We then noted that the Java library has many interface types built into it, one of the most important being Comparable. You can see this documented in the official Java documentation here. It is actually a generic type, so it takes type variable T, and is defined as having a single method with signature int compareTo(T o). Any class Thing (where Thing could be any class name) which is declared as implements Comparable<Thing> must have a method with signature int compareTo(Thing t) in it. This method establishes the natural order for items of type Thing. If t1 and t2 are two variables referring to objects of type Thing, then t1.compareTo(t2) returns a negative integer if t1 is considered to be less than t2, a positive integer if t1 is considered to be greater than t2 and 0 if they are considered to be equal in this ordering. For example, the natural ordering of objects of type String is their alphabetic ordering. Java's built-in sort methods, which you can find in class Collections documented here and in class Arrays documented here, use this natural ordering to sort data structures.

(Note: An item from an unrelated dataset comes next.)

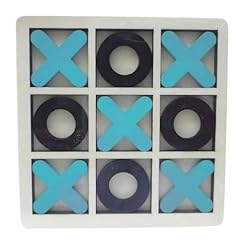 Noughts crosses wooden for sale  Delivered anywhere in UK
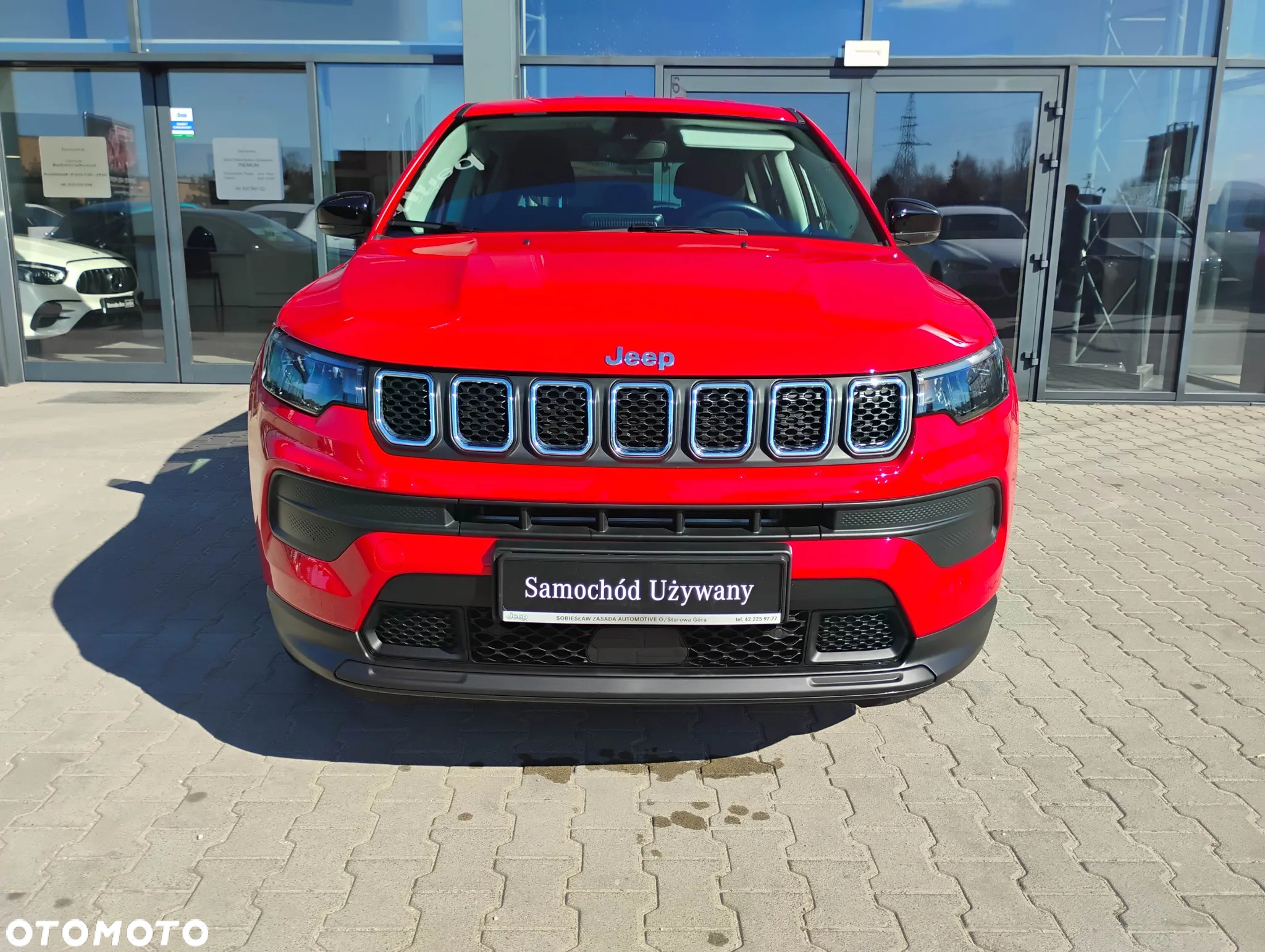 Jeep Compass 1.5 T4 mHEV Longitude FWD S&S DCT - 2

So if you have written your own class, and you want to be able to sort it using Java's built-in sorting, you can do so by declaring it as implementing Comparable<C>, where C is the name of the class repeated, and writing a compareTo method to give it the ordering you want. If you are writing generic code for your own algorithm, and that code relies on the items it is working with having an ordering, you need to define the code as working on objects of a type variable T declared as <T extends Comparable<T>>, and use compareTo in the code to compare the items in order. We saw this done when we wrote our own sort algorithms, and we saw our own made-up class ScrabbleWord written to represent words with a natural ordering given by their score in the game Scrabble.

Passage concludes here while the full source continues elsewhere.